I know a fair number of conservatives (90% of my high school graduating class plus 90% of the county I grew up in) and very few are openly racist. Most do not consider themselves to be racist and will happily point out their friends, coworkers and fellow church goers who are not white or who were not necessarily born in the USA. A much smaller number are tolerant of anyone who is not heteronormative, if the topic comes up, which they’d much prefer it did not.
But they are very much nostalgia driven and genuinely do not see just how racist and sexist it was in our younger days and do not notice that none of our classmates who later came out as gay never show up at reunions, nor do the very very few classmates ( none in my graduating class) who's surnames were Spanish. Indeed, a few years ago, a firmer school mate several years older than me posted in the alumni FB page contradicting the extremely sanitized version of life in our town in the 60’s and 70’s. His post was extremely thoughtful, respectful and well written—and immediately decried by other members and taken down by admin. Only happy happy happy is allowed.
I know that I tend to over generalize my lived experience but I grew up in a small town surrounded by farmland and in that corner of the county, a large percentage of folks who were related to me one way or another. Most of that is gone, replaced by lots and lots of warehouses and fulfillment centers which have brought in a great number of minorities. My classmates who decry the changes mostly focus on the ugli-fication of our very plain Jane town don’t mention the threat of all the not white people living in the neighborhood. But it’s there, unspoken.
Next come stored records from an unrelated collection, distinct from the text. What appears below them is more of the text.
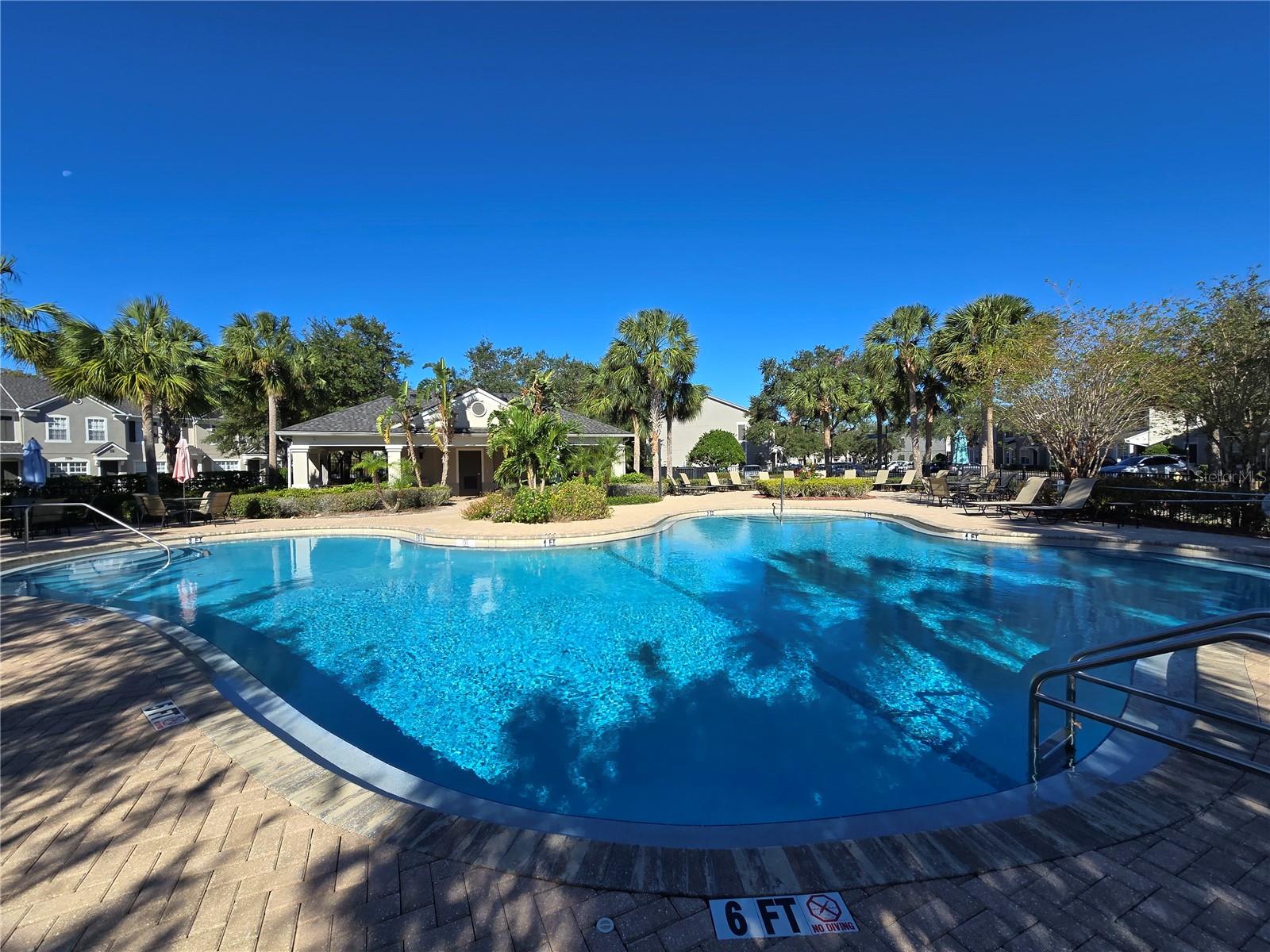 Image 36 of 51 For 10114 Westpark Preserve Boulevard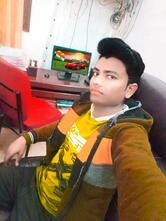 khushi khana khajana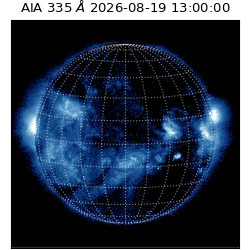 saia - 2026-08-19T13:00:00.636000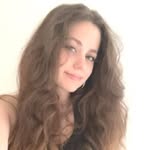 luz snyder - @luz4535pz - Instagram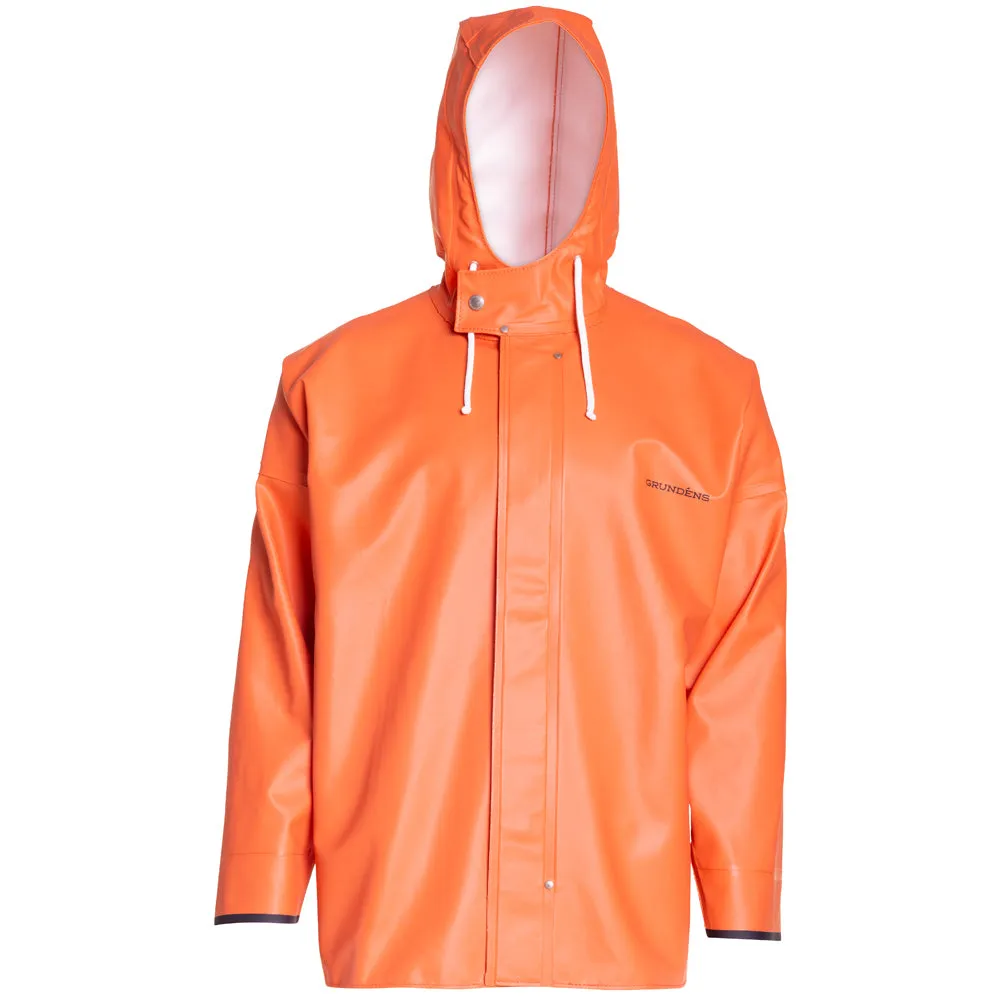 Brigg 40 Jacket sold by Grundéns product image thumbnail 2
Change is hard for most people and among the hardest changes are those that come to people who struggled hard for what they have and fur all of their family before them who struggled before and who are now secure in their lot and are genuinely threatened by the change in order, or the change in the rules of the game as you will.
I don’t think it’s much different anywhere else. People living near the edge of poverty who only have what they do because of a lot of hard work on their part do not want to upset the world order that gave them a little piece of security. They don’t actually recognize that there were others living in the shadows, working even harder with fewer chances, whose only hope for survival was working hard and keeping quiet, at least in public.